Why was the decision taken to rebrand and develop Audiences Yorkshire?

We’ve been around for a few years now, having grown out of being a small consortium of arts organisations based in the city centre of Leeds, eventually growing into a region wide agency. Over the last two or three years we did a bit of an internal stocktake. We recognised that the world is changing and we were starting to question whether we were equipped for the future, and if we weren’t then we couldn't effectively be supporting our client organisations. So we started to test out some of our thoughts about that with the members that were current, and also with some of the arts organisations who we worked with whose membership had lapsed, and we ran quite a big programme of consultation with them to ask what they thought about what we did and find whether there were support processes which were suiting their needs as organisations?

There were a few things that came out of that and one was the fact that they seemed to be quite confused about what we were there to do because we seemed to be doing a hell of a lot of stuff and not being very precise about the different areas of expertise that we had in the business. There was obviously a key communication issue there. And then there were some interesting connotations about our brand and our company name – Audiences Yorkshire.

Because we had grown up from being the Leeds Arts Consortium into a regional-wide agency, a long that time, having grown from a handful of clients to working with the real diversity of the sector, working with dance companies, touring companies, theatres, museums, galleries, print workshops, Asian led performing arts organisations – so right across the whole depth and breadth of the region. People would say to us ‘I run a major visitor attraction in the region and we don’t talk about audiences, we talk about visitors’ or ‘I am the marketing manager for a regional archive and we don’t talk about audiences, we talk about users.’ And similarly people in locations in the Humber or in Lincolnshire or North East Lincolnshire would say to us ‘We find it really difficult to feel part of Audiences Yorkshire because we’re based in Lincolnshire and we don’t necessary associate with the Yorkshire brand’. So we recognised that there are some issues and complexity about people and their organisations fitting in to what they thought we were there to do. That gave us a really clear signal and remit to think about our name and think about our positioning in the marketplace because there was a lot of positive feedback about the research services that we’ve developed over time, about the fact that people really wanted to retain the membership network and really valued that it's about bringing a peer network together and to share and develop skills and sometimes that sharing and developing of skill, just the opportunity to come together and share issues and challenges is as beneficial as sharing skills and knowledge as well.

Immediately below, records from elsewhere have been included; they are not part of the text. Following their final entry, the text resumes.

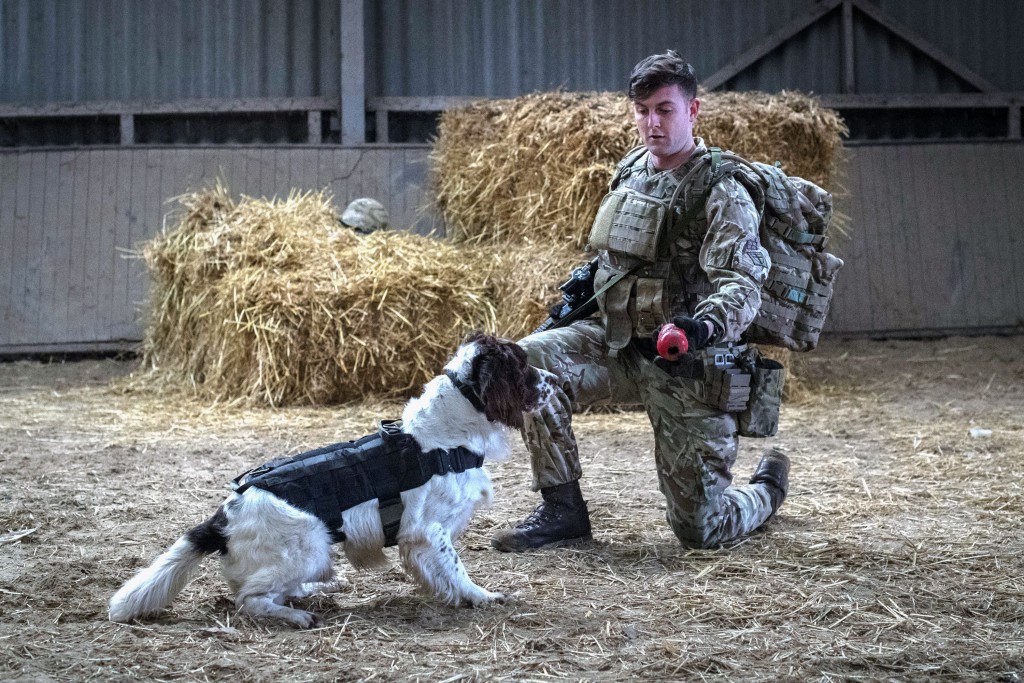 Hero dogs are true friends for life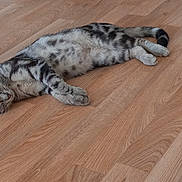 Albat a rejoint le concours — aidez-le/la à gagner de superbes lots ! cat, close_up, cozy, domestic_animal, feline, flooring, grey_fur, hardwood_floor, indoor, lying_down, nap, paws, pet, relaxed, sleeping, striped_fur, tabby_cat, tail, whiskers, wooden_floor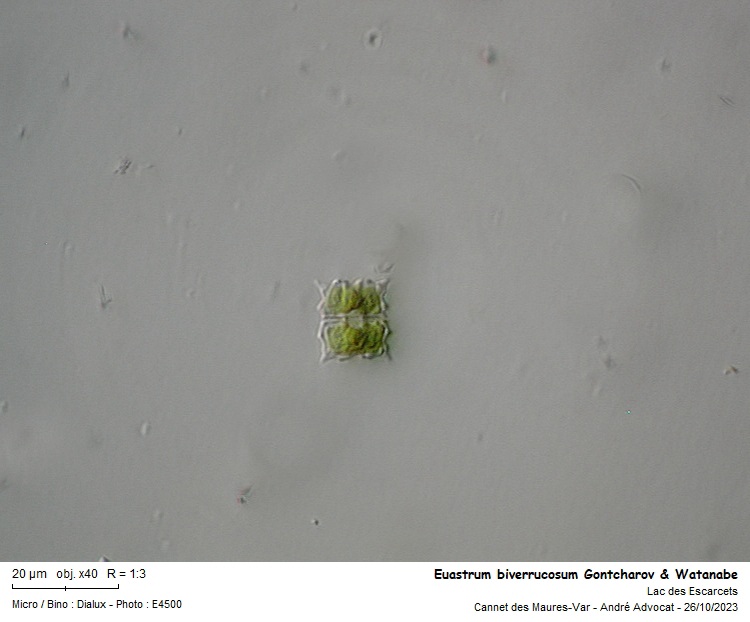 Euastrum biverrucosum Gontcharov & Watanabe #77277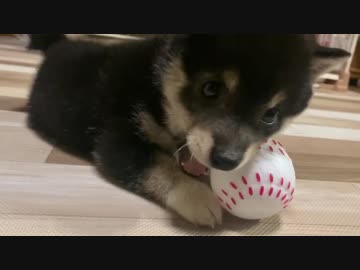 【豆柴】上手にオモチャで遊べるようになってきた子犬【成長はやすぎ】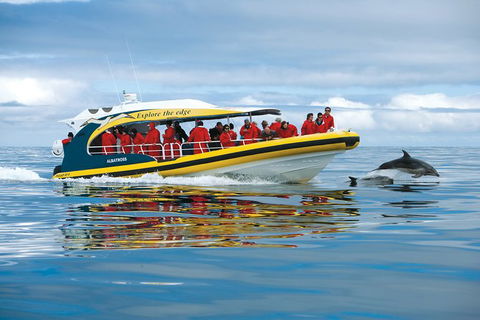 3-Hour Tasman Peninsula Wilderness Cruise From Port Arthur - Find Attractions 5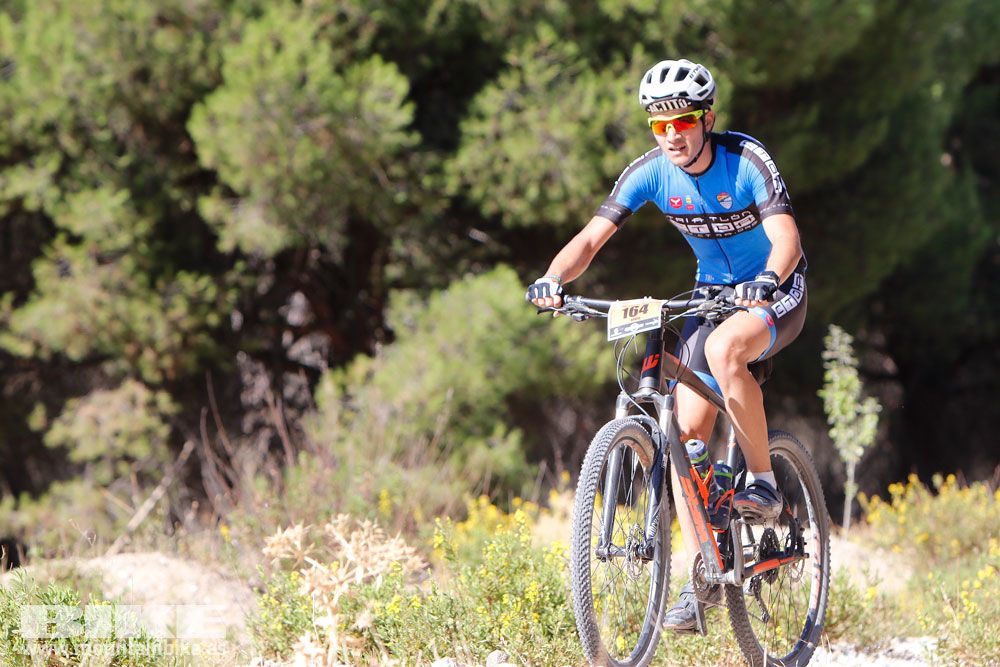 Ruta de las Encinas 2017. Galería 4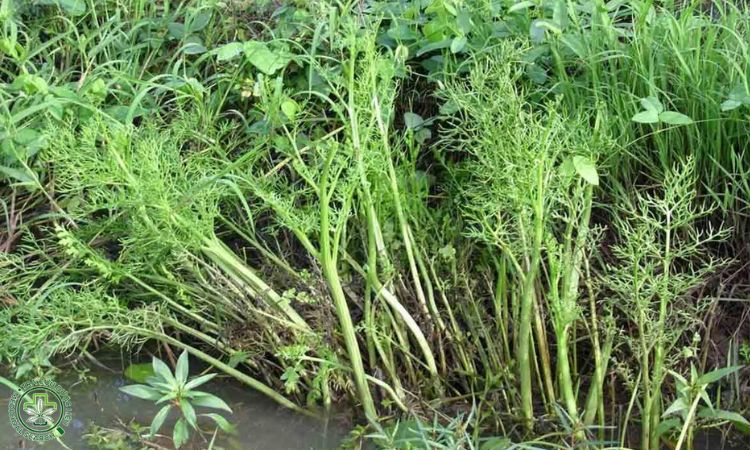 Rau cần trôi 1 Rau cần trôi 1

So we recognised a lot of good in what we had established over the last 20 years, but we needed to get ahead of the times in order to continue to sustain and support the arts, cultural and leisure sectors. We’ve thought very carefully about the expanding marketplace there as well because certainly cultural and consumer boundaries have blurred between what they understand to be arts and culture and the creative industries. So somebody consuming media in their bedroom is as much a cultural experience to them as going out to a live music gig or going out to the theatre. So we’ve relaxed some of those boundaries in terms of the way that we position ourselves.

As well as the rebrand, what other activity are you set to undertake?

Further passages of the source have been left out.